*** Opening Records for the task ***
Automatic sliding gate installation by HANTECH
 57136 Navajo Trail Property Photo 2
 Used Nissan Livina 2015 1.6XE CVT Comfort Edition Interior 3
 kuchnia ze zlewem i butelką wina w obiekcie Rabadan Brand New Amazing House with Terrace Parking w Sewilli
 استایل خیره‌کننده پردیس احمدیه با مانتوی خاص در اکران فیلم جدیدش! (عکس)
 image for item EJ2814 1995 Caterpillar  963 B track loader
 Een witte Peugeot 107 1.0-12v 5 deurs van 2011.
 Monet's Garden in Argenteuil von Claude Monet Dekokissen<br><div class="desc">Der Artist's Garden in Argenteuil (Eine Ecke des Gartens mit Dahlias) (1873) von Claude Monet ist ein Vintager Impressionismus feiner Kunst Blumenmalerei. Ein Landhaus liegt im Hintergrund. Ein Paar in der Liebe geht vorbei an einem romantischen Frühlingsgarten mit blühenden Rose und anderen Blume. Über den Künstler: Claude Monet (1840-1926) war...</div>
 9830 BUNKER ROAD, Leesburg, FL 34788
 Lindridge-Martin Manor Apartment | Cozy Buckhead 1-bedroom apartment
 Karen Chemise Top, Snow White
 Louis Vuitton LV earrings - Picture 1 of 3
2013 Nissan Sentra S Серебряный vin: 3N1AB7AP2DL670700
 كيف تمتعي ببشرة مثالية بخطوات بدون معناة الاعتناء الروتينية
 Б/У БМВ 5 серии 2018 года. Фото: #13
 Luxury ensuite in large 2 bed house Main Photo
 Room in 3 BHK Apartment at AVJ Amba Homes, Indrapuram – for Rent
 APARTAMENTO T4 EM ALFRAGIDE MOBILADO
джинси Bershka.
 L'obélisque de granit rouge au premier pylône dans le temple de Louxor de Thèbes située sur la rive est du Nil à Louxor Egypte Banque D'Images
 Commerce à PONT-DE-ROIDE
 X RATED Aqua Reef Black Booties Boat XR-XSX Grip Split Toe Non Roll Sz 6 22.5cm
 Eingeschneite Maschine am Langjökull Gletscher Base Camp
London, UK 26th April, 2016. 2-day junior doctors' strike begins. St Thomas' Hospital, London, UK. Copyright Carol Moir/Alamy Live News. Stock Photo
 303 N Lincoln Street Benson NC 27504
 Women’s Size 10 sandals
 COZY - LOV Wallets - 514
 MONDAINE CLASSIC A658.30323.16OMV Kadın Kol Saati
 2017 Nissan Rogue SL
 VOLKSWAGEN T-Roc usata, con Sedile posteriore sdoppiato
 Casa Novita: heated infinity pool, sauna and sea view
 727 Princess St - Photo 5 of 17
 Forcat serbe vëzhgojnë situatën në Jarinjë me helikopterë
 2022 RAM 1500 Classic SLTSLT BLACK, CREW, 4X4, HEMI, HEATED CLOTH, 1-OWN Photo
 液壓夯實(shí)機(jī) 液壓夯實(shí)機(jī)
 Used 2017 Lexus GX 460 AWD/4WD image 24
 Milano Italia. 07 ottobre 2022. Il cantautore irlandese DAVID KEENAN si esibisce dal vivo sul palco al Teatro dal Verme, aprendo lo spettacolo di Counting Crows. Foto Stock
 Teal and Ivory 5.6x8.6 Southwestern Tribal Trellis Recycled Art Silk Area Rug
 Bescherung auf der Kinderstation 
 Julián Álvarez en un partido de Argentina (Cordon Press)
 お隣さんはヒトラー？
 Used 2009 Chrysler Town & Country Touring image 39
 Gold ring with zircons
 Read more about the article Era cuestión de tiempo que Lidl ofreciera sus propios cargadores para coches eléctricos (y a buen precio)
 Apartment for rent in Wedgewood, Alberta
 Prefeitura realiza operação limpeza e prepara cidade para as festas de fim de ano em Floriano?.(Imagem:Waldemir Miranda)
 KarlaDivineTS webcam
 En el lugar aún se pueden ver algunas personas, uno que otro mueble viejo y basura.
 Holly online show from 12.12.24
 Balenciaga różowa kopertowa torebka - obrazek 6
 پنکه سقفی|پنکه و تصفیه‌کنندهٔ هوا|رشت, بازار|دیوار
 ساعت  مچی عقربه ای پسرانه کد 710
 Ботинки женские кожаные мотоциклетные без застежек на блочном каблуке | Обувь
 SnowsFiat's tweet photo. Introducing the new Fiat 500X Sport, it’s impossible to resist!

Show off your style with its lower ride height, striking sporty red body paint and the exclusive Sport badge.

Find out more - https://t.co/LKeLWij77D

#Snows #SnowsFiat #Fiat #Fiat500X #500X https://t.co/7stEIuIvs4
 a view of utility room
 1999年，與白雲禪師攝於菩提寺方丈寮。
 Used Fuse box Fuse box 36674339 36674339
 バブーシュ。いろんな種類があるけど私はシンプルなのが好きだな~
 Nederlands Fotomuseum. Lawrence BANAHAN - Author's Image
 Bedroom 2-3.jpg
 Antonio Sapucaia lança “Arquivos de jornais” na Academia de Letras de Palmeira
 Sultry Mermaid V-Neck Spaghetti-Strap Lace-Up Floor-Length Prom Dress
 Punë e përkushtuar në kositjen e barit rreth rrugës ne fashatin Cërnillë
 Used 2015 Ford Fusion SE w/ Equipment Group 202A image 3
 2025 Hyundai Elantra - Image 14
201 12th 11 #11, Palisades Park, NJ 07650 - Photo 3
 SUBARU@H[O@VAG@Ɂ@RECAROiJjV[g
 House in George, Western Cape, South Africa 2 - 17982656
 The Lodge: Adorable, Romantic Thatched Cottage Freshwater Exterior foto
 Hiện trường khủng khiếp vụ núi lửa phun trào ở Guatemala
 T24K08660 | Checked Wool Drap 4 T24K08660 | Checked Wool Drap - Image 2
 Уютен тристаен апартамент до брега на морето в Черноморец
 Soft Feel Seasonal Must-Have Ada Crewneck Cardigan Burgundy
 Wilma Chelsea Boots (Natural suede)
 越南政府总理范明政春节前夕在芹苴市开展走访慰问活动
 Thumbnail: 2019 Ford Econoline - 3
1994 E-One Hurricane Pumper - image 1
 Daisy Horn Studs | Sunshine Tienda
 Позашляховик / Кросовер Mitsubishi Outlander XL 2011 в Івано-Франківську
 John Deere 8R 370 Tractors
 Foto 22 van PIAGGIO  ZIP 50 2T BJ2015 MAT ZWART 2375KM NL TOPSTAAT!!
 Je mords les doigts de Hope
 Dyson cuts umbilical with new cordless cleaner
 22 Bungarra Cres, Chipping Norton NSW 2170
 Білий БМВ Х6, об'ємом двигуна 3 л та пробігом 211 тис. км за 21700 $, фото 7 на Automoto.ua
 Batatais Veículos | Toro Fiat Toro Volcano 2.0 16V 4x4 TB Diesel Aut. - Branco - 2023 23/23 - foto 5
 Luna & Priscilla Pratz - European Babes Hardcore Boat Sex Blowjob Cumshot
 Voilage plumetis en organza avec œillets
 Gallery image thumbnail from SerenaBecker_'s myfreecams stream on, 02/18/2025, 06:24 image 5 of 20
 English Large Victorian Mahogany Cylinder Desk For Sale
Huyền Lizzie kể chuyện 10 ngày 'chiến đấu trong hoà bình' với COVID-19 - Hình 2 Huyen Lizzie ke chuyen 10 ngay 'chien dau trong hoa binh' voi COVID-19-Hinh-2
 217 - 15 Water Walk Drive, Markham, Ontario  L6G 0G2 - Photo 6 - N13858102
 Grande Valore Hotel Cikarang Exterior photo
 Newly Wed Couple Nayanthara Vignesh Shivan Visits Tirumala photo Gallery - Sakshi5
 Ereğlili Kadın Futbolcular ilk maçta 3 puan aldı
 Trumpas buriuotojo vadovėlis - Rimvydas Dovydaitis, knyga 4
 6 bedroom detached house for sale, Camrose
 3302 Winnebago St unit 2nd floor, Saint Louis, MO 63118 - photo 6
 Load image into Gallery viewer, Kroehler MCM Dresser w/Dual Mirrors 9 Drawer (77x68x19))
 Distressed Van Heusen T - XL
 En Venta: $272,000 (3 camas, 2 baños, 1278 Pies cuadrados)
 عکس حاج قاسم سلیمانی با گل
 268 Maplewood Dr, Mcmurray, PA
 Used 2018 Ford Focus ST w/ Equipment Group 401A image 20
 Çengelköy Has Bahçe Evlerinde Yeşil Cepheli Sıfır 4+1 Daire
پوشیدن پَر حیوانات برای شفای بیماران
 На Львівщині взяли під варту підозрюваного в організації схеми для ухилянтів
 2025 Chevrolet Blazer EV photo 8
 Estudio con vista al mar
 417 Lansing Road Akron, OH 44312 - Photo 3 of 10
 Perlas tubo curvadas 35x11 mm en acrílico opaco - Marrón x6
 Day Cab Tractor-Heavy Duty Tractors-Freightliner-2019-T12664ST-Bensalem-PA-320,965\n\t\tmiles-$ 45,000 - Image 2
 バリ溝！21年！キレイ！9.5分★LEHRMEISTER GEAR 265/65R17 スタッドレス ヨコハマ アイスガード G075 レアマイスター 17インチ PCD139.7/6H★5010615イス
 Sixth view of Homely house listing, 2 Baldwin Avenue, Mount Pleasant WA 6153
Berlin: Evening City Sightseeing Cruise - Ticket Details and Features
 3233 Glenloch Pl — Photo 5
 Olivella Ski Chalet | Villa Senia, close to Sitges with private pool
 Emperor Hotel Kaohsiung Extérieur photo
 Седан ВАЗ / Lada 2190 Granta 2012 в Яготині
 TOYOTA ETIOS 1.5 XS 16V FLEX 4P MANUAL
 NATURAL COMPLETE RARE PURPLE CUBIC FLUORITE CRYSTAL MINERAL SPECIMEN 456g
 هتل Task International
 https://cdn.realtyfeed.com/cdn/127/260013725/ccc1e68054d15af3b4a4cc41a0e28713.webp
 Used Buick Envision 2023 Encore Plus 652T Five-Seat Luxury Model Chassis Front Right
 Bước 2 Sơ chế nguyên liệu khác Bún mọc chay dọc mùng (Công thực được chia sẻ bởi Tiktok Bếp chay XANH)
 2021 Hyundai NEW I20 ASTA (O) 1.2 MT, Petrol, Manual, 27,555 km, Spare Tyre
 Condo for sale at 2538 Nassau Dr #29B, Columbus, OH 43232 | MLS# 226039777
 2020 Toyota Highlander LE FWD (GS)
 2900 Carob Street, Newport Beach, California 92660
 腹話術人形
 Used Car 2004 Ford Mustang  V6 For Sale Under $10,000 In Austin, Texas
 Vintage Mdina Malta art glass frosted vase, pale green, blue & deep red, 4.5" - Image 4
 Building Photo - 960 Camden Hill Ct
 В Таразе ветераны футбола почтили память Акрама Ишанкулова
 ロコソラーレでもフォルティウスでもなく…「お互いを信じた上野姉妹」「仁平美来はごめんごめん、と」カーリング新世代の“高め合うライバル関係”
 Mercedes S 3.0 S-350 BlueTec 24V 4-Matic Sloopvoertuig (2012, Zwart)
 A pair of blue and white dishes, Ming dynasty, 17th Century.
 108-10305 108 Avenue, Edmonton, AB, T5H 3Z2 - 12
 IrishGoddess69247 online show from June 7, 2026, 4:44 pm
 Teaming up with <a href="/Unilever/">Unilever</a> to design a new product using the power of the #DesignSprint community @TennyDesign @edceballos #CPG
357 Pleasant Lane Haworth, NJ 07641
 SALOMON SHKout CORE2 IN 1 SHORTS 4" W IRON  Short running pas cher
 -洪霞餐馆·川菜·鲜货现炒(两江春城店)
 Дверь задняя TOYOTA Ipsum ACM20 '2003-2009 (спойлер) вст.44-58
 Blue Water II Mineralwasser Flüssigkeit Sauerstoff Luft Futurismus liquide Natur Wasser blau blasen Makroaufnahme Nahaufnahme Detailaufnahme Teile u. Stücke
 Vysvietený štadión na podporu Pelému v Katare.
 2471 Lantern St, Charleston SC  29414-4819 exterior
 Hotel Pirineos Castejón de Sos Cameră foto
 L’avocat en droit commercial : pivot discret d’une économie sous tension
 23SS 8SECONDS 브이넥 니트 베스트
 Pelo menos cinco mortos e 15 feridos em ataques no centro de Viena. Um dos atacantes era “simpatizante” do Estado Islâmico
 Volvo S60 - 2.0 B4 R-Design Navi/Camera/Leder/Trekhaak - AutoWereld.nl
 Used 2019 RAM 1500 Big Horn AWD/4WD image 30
*** Closing Records for the task ***
» **Work to be completed**
Look back at the data above. Transcribe exactly the lines starting at the line that contains "L'obélisque de granit" and ending at the line that contains "KarlaDivineTS webcam".

» **Solution to the problem**
 L'obélisque de granit rouge au premier pylône dans le temple de Louxor de Thèbes située sur la rive est du Nil à Louxor Egypte Banque D'Images
 Commerce à PONT-DE-ROIDE
 X RATED Aqua Reef Black Booties Boat XR-XSX Grip Split Toe Non Roll Sz 6 22.5cm
 Eingeschneite Maschine am Langjökull Gletscher Base Camp
London, UK 26th April, 2016. 2-day junior doctors' strike begins. St Thomas' Hospital, London, UK. Copyright Carol Moir/Alamy Live News. Stock Photo
 303 N Lincoln Street Benson NC 27504
 Women’s Size 10 sandals
 COZY - LOV Wallets - 514
 MONDAINE CLASSIC A658.30323.16OMV Kadın Kol Saati
 2017 Nissan Rogue SL
 VOLKSWAGEN T-Roc usata, con Sedile posteriore sdoppiato
 Casa Novita: heated infinity pool, sauna and sea view
 727 Princess St - Photo 5 of 17
 Forcat serbe vëzhgojnë situatën në Jarinjë me helikopterë
 2022 RAM 1500 Classic SLTSLT BLACK, CREW, 4X4, HEMI, HEATED CLOTH, 1-OWN Photo
 液壓夯實(shí)機(jī) 液壓夯實(shí)機(jī)
 Used 2017 Lexus GX 460 AWD/4WD image 24
 Milano Italia. 07 ottobre 2022. Il cantautore irlandese DAVID KEENAN si esibisce dal vivo sul palco al Teatro dal Verme, aprendo lo spettacolo di Counting Crows. Foto Stock
 Teal and Ivory 5.6x8.6 Southwestern Tribal Trellis Recycled Art Silk Area Rug
 Bescherung auf der Kinderstation 
 Julián Álvarez en un partido de Argentina (Cordon Press)
 お隣さんはヒトラー？
 Used 2009 Chrysler Town & Country Touring image 39
 Gold ring with zircons
 Read more about the article Era cuestión de tiempo que Lidl ofreciera sus propios cargadores para coches eléctricos (y a buen precio)
 Apartment for rent in Wedgewood, Alberta
 Prefeitura realiza operação limpeza e prepara cidade para as festas de fim de ano em Floriano?.(Imagem:Waldemir Miranda)
 KarlaDivineTS webcam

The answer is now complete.